On this blog, I discuss important national issues, often about fiscal and economic matters. Today, I take a step back to discuss the more basic question of why the U.S. is such a strong country, and therefore has so much clout in world affairs.
Consider:
- We are a constitutional republic. The U.S. Constitution, dating back to 1787, is a brilliant document, promoting liberty and justice for all. We have three branches of government, the Legislative, Executive, and Judicial, with multiple checks and balances between them. All powers not specifically given to the federal government are reserved for the states, which keeps most functions of government decentralized and, therefore, less threatening. The Bill of Rights, comprising the first ten amendments to the Constitution, clearly lays out our many fundamental guarantees of personal freedoms.
- Favorable circumstances. We have a bicoastal geography with friendly neighbors on the north and south. This makes it much easier to defend our homeland, if we are ever attacked.
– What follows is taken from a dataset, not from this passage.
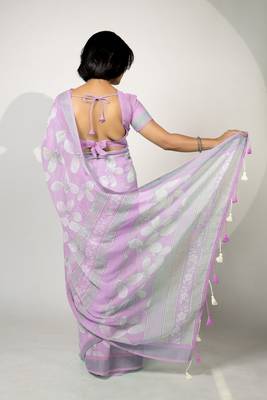 Women's lavender floral print silver zari border cotton blend saree with unstiched blouse piece 4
Our relatively large population, the third largest in the world, after India and China, provides sufficient manpower for our many innovative endeavors.
- A Free enterprise economic system. A free enterprise, market economy has historically been proven, over and over again, to be by far the most successful form of commerce devised by humankind. We now know without a doubt that socialism (and communism) is the road to serfdom.
- The American Dream is alive and well. In particular, the American Middle Class is expanding such that its size is growing with respect to the size of the other income classes. In other words, we have more middle class, and fewer poor, people on an ever-increasing basis.
- The American Economy is the envy of the world and is growing steadily bigger and better. Eight of the ten largest companies in the world are American (technology giants).
- We are sufficiently militarily strong to not only defend ourselves but to keep the world safe for democracy as well. This is important because we do have autocratic adversaries such as China, Russia, Iran, and North Korea. But we have many democratic allies around the world. Democracies are almost always able to resolve their disputes peacefully and seldom go to war with each other.
- Of course, there are occasional severe challenges to our “manifest destiny.” The Civil War challenged whether “any nation so conceived and so dedicated can long endure.” The great depression in the 1930s was likewise a huge challenge to our economic system. The unconventional current presidency of Donald Trump is another challenge. But our system is now almost 250 years old and is so solid that it should easily survive and prosper from current crises as well as it did from past ones.
Conclusion. The United States is very strong economically and militarily. Furthermore, we have a very solid democratic tradition embedded in our brilliant constitutional republican form of government. We are the envy of the world and should continue to prosper for many years to come.